** Provided records **
◇ ◇ ◇
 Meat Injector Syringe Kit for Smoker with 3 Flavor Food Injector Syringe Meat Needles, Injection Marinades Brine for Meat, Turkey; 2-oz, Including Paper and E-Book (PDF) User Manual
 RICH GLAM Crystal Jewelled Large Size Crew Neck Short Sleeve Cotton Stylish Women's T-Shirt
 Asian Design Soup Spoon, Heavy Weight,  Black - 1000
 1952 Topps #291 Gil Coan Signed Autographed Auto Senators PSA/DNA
◇ ◇ ◇
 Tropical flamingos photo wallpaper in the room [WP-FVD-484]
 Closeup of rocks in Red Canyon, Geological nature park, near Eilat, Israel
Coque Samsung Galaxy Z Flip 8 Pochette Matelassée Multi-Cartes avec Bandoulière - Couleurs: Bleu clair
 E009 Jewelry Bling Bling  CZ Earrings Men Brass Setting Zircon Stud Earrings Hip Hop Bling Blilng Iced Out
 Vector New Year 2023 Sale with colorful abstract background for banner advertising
◇ ◇ ◇
** Exercise directions **
Transcribe the records above from the line holding "Meat Injector Syringe" down to the line holding "1952 Topps #291", inclusive, without adding anything.

** Written reply **
 Meat Injector Syringe Kit for Smoker with 3 Flavor Food Injector Syringe Meat Needles, Injection Marinades Brine for Meat, Turkey; 2-oz, Including Paper and E-Book (PDF) User Manual
 RICH GLAM Crystal Jewelled Large Size Crew Neck Short Sleeve Cotton Stylish Women's T-Shirt
 Asian Design Soup Spoon, Heavy Weight,  Black - 1000
 1952 Topps #291 Gil Coan Signed Autographed Auto Senators PSA/DNA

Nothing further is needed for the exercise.